Location
- Baffin Street Stobswell, Dundee, DD4 6EZ Scotland 56°28′05″N 2°57′11″W﻿ / ﻿56.468114°N 2.953121°W

Information
- Type: State primary
- Local authority: Dundee City Council
- Head teacher: Michelle Macleod
- Gender: Mixed
- Enrollment: 365
- Feeder to: Morgan Academy

= Glebelands Primary School =

Glebelands Primary School is a co-educational non-denominational state primary school situated in the Stobswell area of Dundee, Scotland. Administered by Dundee City Council, the institution accommodates roughly 365 primary pupils alongside a dedicated early years centre, delivering education for families residing across the local Stobswell district.

== Overview and campus ==
The school operates from a prominent, three-storey Edwardian building on Baffin Street. Due to its urban, built-up location just north of the city centre, the campus utilises an intricate internal layout spread across traditional floors and mezzanine levels to maximize teaching space.

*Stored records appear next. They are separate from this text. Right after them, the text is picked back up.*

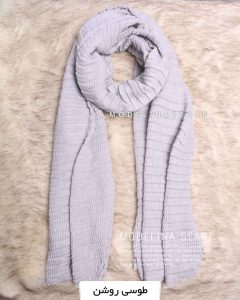 شال پلیسه اکلیلی طوسی روشن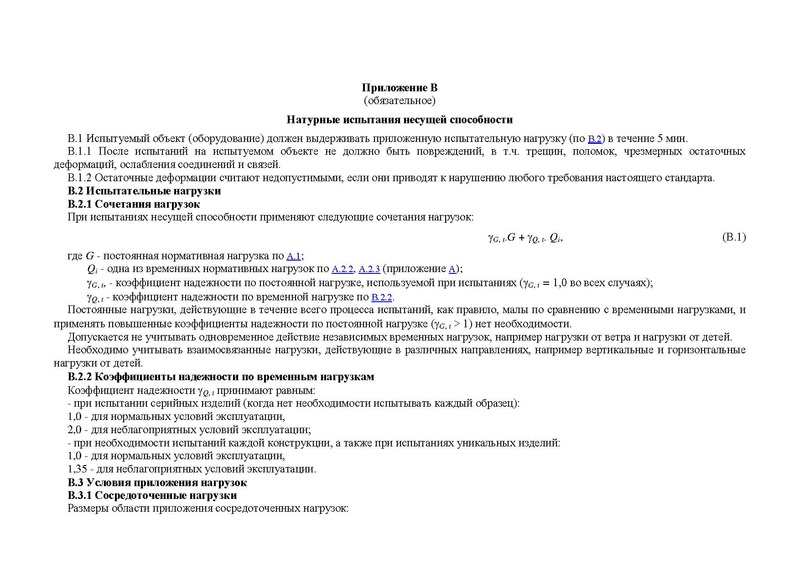 Файл:ГОСТ детские площадки.pdf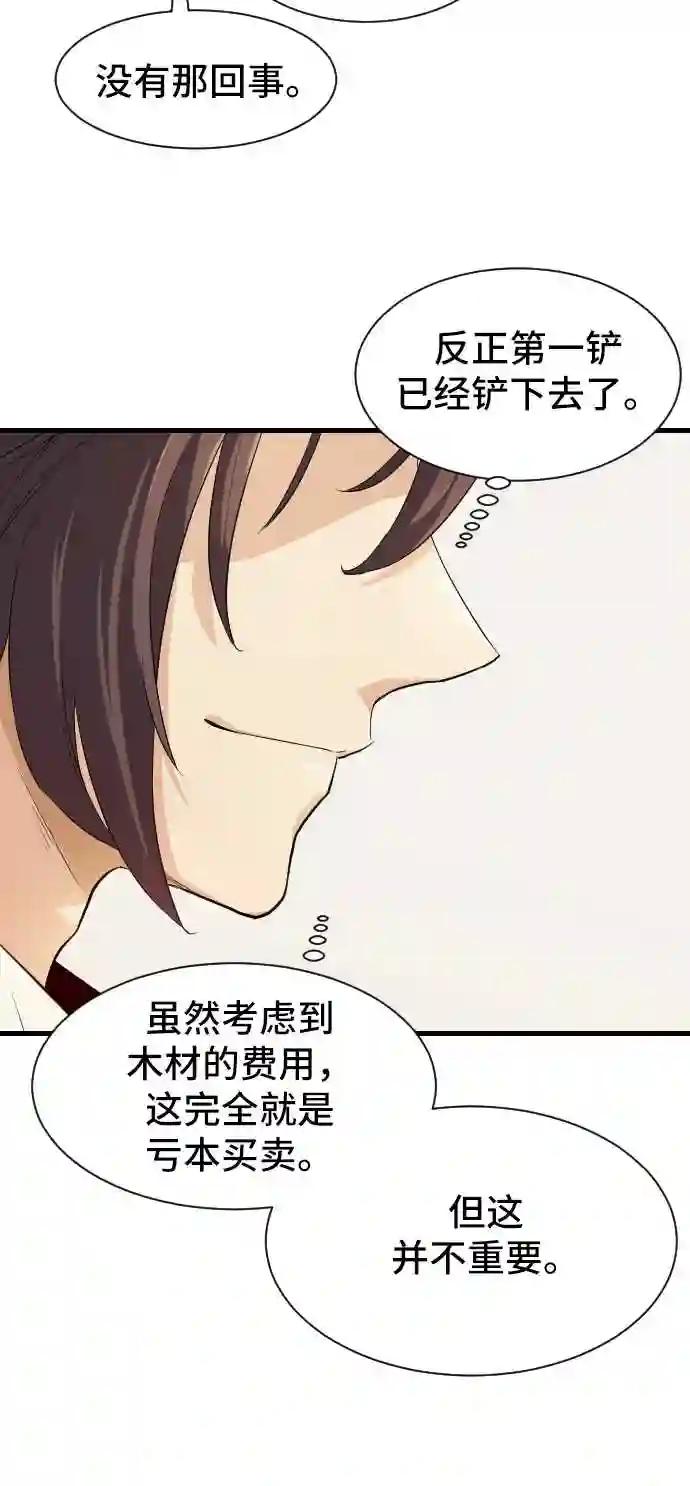 第2话 第83页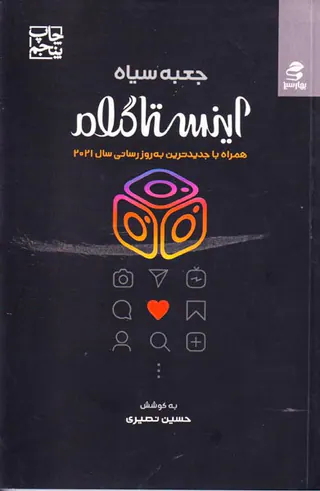 جعبه سیاه اینستاگرام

Glebelands is noted for encouraging strong social awareness among its student body. In 2022, the school received local media attention when its pupils spearheaded a community-wide campaign committed to stamping out racism in Dundee, integrating social justice directly into their classroom projects. The school also operates dedicated support networks for its students, including a Young Carers group managed in partnership with local charities.

== Secondary cluster ==
Following the completion of Primary 7, pupils at Glebelands transition to Morgan Academy for their secondary education. Because both schools are located within the same dense urban catchment area in Stobswell, the primary school maintains very close operational ties with the academy. Staff from both campuses coordinate regularly to facilitate joint learning initiatives and structured transition days for students preparing to enter S1.